Glass Lewis says it has has assessed Waterton's arguments and agrees Hudbay will benefit from a minority board refreshment that will add "governance, strategic and financial oversight at a particularly critical juncture for the company".
Glass Lewis noted Waterton's nominees had the required skills, perspectives and expertise to bring value to the Hudbay boardroom.
Glass Lewis said it agreed there was merit in the dissident's core case that Hudbay had a "value destructive capital management and project development track record and a disconcerting willingness to employ starkly regressive and misleading tactics to deter shareholder action".
"Indeed, recent and conspicuously-timed rebound notwithstanding, we believe the bulk of Hudbay's performance over the last several years demonstrates an objectively substandard commitment to preserving and improving shareholder value."
It added a closer look at Hudbay suggested all was not well at the company. "A broader review of the company's returns suggests Hudbay has continually and uniformly lagged its closest industry peers across substantially any unaffected measurement period, including those falling after completion of Constancia.
"This trend only appears to invert across measurement periods falling after initiation of Waterton's campaign, an unambiguously atypical swing which management nevertheless attempts to frame as substantially or entirely attributable to Hudbay's own efforts," Glass Lewis said.

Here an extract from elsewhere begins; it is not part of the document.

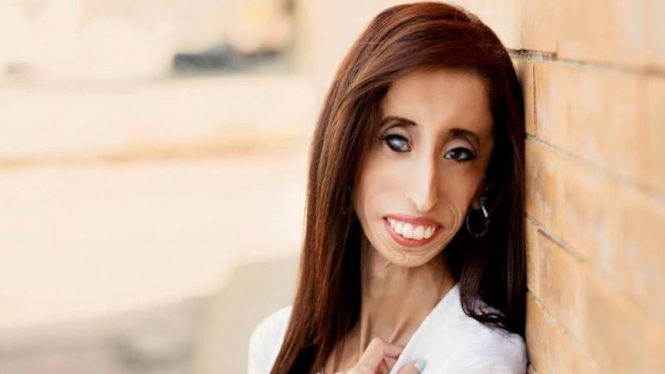 Lizzie Velasquez, Wanita Terjelek di Dunia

"Our objective is to ensure Hudbay is well-positioned to deliver long-term shareholder value. Given the company's substantial performance, governance and strategic issues cited by Glass Lewis, we continue to believe that the addition of all four of our independent nominees - including Peter Kukielski given his vast mining experience and track record of success - would best achieve this goal," Waterton's chief investment officer Isser Elishis said.
Hudbay has also levied what appeared to be accusations of market manipulation against Waterton before later withdrawing those claims, in each case without any explanation or evidence.
"[We] believe several of the claims issued by the company against certain of the dissident candidates are wholly misleading and frequently lacking in fundamental context," Glass Lewis continued.
Glass Lewis urged shareholders to withhold their votes for Waterton's nominee Kukielski, who was put forth as a potential replacement for Hudbay's incumbent CEO Alan Hair. The advisory firm recommended Hair be re-elected to the board, along with six other directors from the company's slate.
Hudbay owners will vote on the new board during the AGM scheduled for May 3.